* **Input data**:
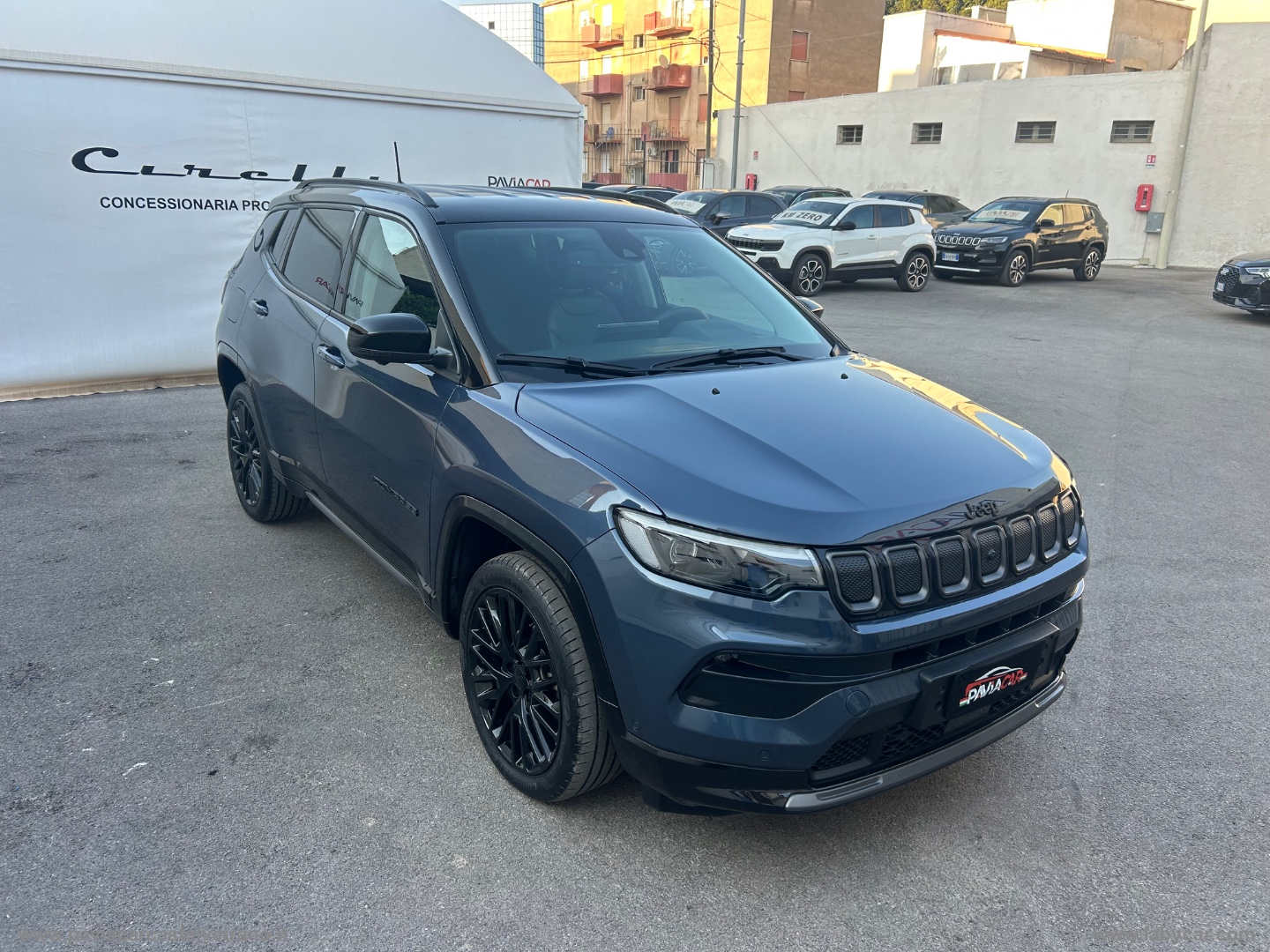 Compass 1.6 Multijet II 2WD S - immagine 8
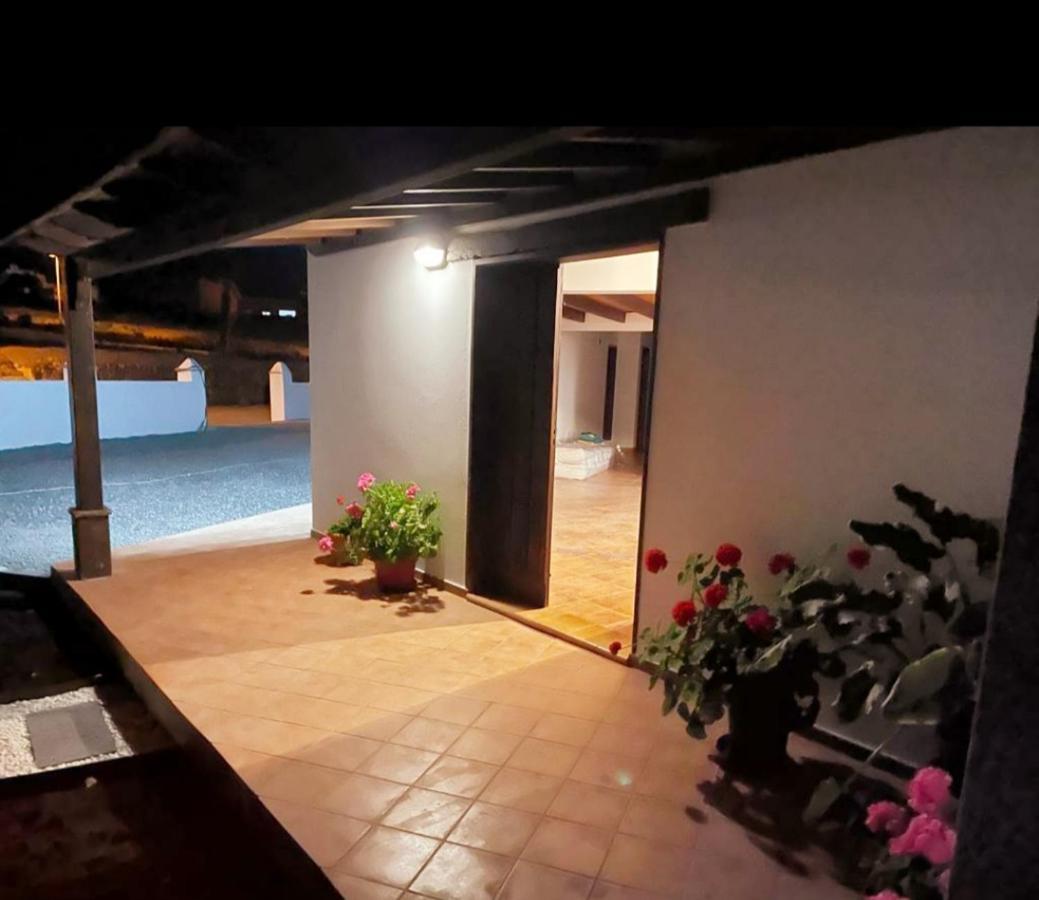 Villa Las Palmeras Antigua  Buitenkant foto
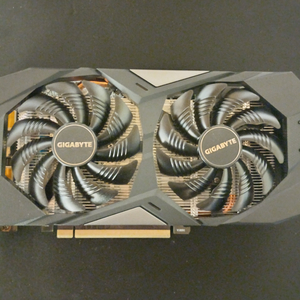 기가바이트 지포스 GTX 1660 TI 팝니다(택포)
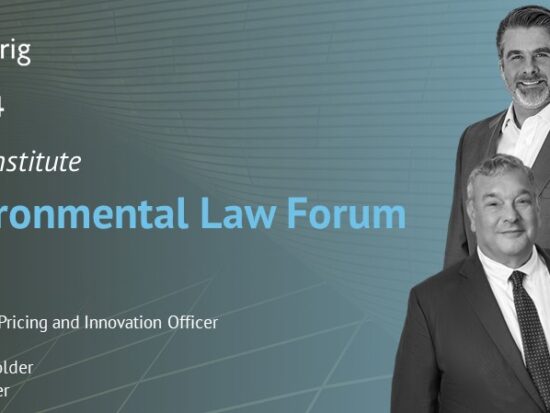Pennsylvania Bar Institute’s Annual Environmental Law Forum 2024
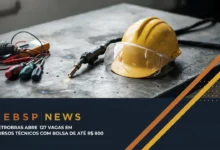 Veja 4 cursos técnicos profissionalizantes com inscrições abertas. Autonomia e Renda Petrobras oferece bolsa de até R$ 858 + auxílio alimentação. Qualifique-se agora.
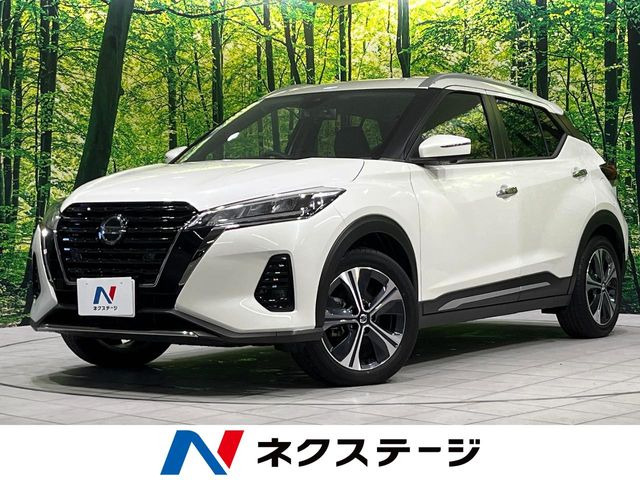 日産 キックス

* **The problem**:
What's needed is an exact retyping of the records, pictures excluded.

* **Reply**:
 Compass 1.6 Multijet II 2WD S - immagine 8
 Villa Las Palmeras Antigua  Buitenkant foto
 기가바이트 지포스 GTX 1660 TI 팝니다(택포)
Pennsylvania Bar Institute’s Annual Environmental Law Forum 2024
 Veja 4 cursos técnicos profissionalizantes com inscrições abertas. Autonomia e Renda Petrobras oferece bolsa de até R$ 858 + auxílio alimentação. Qualifique-se agora.
 日産 キックス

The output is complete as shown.